There are more than a trillion galaxies in the universe. And my team discovered an extremely rare one, a galaxy that doesn't look quite like anything observed before. This galaxy is so peculiar, that it challenges our theories and our assumptions about how the universe works.
The majority of the galaxies are spiral, similar to our own Milky Way. We have strong theories about how these common galaxies form and evolve. But we don't understand how rare galaxies form and evolve. An especially puzzling rare case is Hoag's Object. It has a very symmetric central body surrounded by a circular outer ring, with nothing visible connecting them. Hoag-type galaxies are among the rarest types of galaxies currently known. There are fewer than one in 1,000 galaxies. It's a mystery how the stars in the outer ring are just floating there in such an orderly manner. That's interesting, right? Hold on. Things are about to get more mysterious.
The galaxy that my team discovered is even rarer and much more complex than that. You know, sometimes, you search and search for these objects, and you find nothing. But sometimes, it just appears in the background, when you are not even looking for it. This system looks very similar to Hoag's Object, with its central body and circular outer ring. We got very excited and thought we discovered another Hoag's Object. But my research showed this is an entirely new galaxy type, now commonly referred to as "Burçin's Galaxy."
We will not be visiting this galaxy anytime soon. It is approximately 359 million light years away from Earth. You may think this is far. Well, actually, this is one of the nearby galaxies. I study this object in different light — in ultraviolet, optical and near-infrared. Small details on our body, like a scar or wrinkles, tell the story of our lives.
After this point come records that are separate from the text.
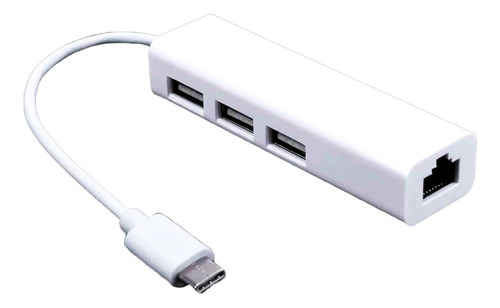 Adaptador Tip C A Ethernet 3.0 + 3 Usb - Hub Tip C A Usb-red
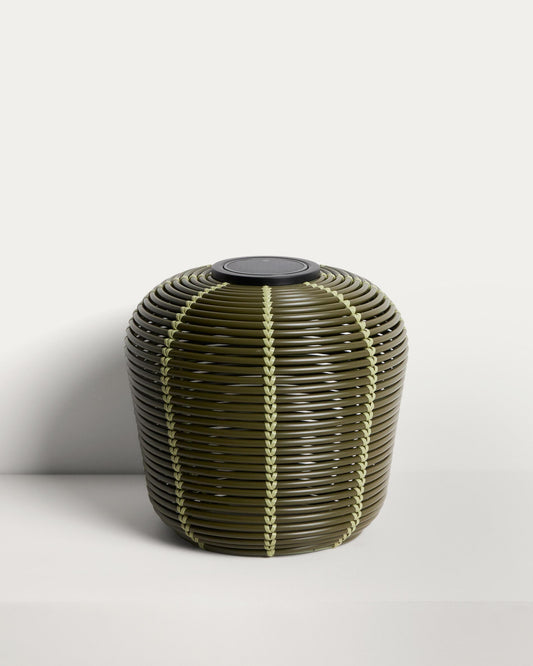 Solar table lamp for outdoor use Garoina LED made of synthetic rattan, green Ø35 cm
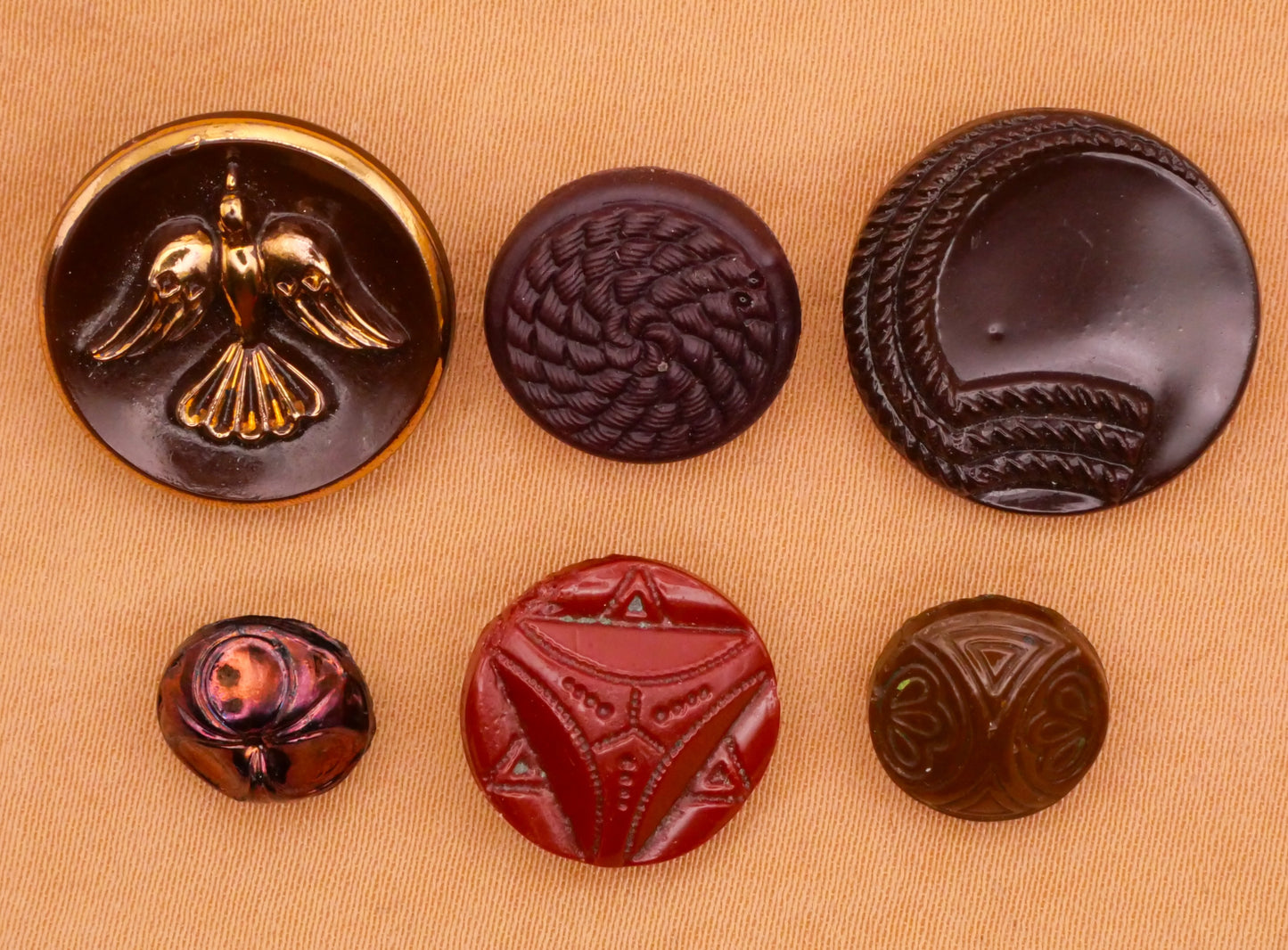 Brown Designs Vintage Glass Button Various 9-18mm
Similarly, a galaxy's structure in different light can help us trace back their origin and evolution.
How do I look for these details? I model the bright central body and remove my model from the image to check for any hidden features, because a bright structure in a galaxy may blind our views of faint features, just like using sunglasses when you are blinded by the intense light.
The result was a big surprise. This galaxy doesn't just have an outer ring, it has an additional, diffused inner ring. We were having a hard time explaining the origin of the outer ring in Hoag-type galaxies. Now we also need to explain this mysterious second ring.
There is currently no known mechanism that can explain the existence of an inner ring in such a peculiar galaxy. So the discovery of Burçin's Galaxy clearly highlights the gap in our knowledge of galaxy evolution. Further research into how this extremely rare galaxy was formed can provide us with new clues on how the universe works. This discovery tells us that we still have a lot to learn, and we should keep looking deeper and deeper in space and keep searching for the unknown.